Your task is to copy the lines of the data below from the line holding "Nico mannion is" through the line holding "GENESIS GV70 Electrified", inclusive, exactly and with nothing added.

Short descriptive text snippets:
'''

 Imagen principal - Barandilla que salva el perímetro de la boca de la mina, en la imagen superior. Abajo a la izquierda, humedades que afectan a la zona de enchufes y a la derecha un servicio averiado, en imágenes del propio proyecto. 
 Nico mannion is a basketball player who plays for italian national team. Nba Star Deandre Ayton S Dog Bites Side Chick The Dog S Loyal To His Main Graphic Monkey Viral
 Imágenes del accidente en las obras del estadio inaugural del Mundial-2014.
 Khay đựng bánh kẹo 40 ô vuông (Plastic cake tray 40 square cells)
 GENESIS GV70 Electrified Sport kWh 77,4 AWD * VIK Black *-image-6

'''
'''

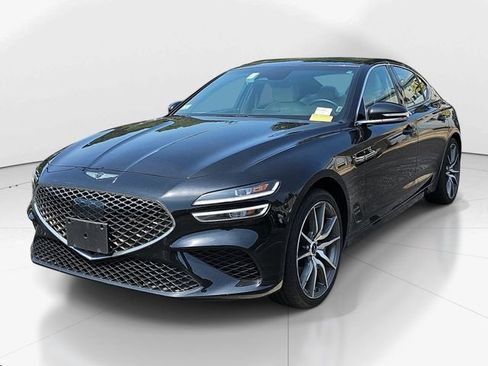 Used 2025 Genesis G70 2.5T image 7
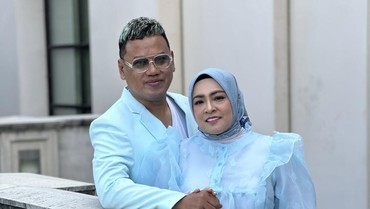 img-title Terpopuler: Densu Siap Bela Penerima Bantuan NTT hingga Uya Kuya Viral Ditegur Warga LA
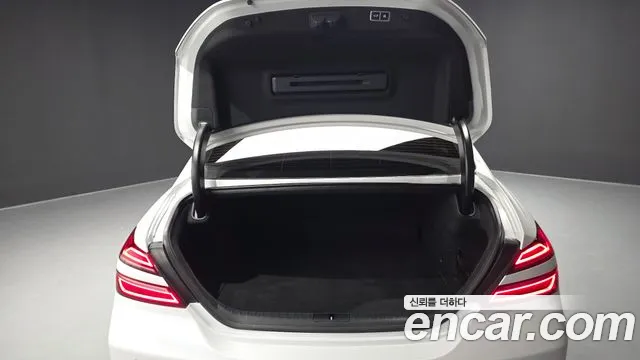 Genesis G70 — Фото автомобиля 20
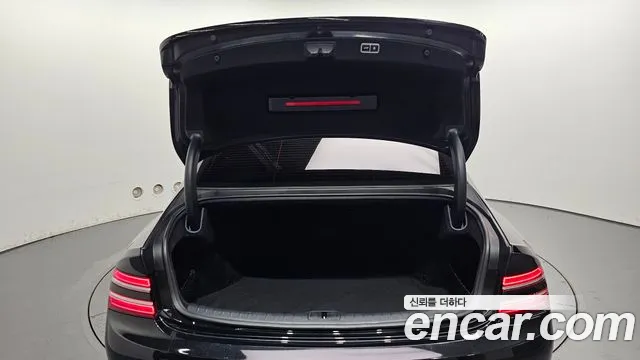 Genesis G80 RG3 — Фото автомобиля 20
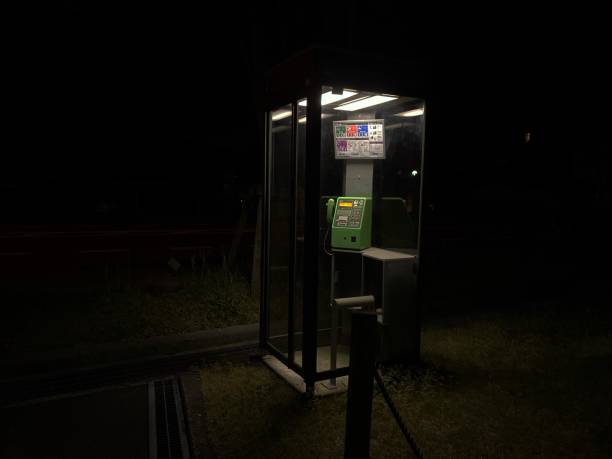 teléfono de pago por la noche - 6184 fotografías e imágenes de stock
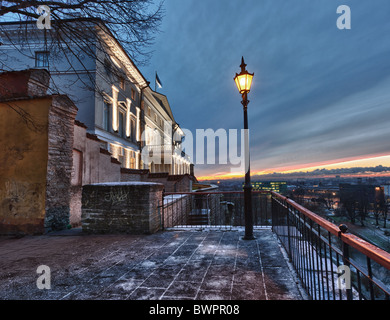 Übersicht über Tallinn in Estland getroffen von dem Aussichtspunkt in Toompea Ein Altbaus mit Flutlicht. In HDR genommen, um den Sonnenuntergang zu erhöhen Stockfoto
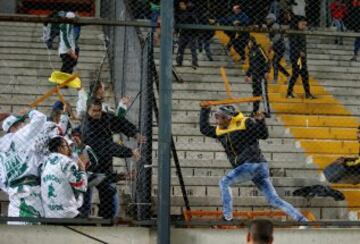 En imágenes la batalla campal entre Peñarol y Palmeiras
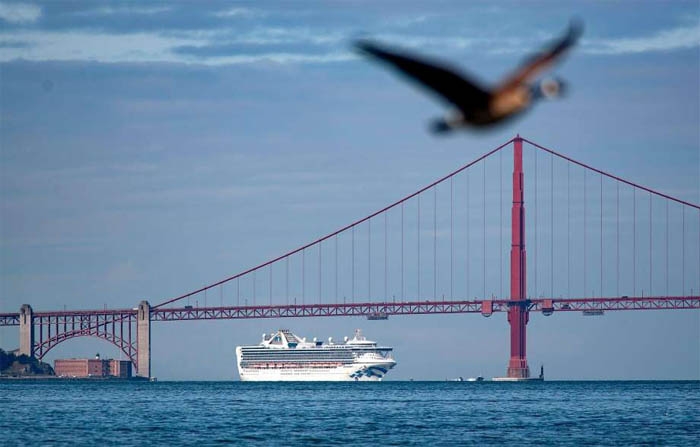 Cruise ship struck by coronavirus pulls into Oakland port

'''

### ANSWER TO THIS EXERCISE
 Nico mannion is a basketball player who plays for italian national team. Nba Star Deandre Ayton S Dog Bites Side Chick The Dog S Loyal To His Main Graphic Monkey Viral
 Imágenes del accidente en las obras del estadio inaugural del Mundial-2014.
 Khay đựng bánh kẹo 40 ô vuông (Plastic cake tray 40 square cells)
 GENESIS GV70 Electrified Sport kWh 77,4 AWD * VIK Black *-image-6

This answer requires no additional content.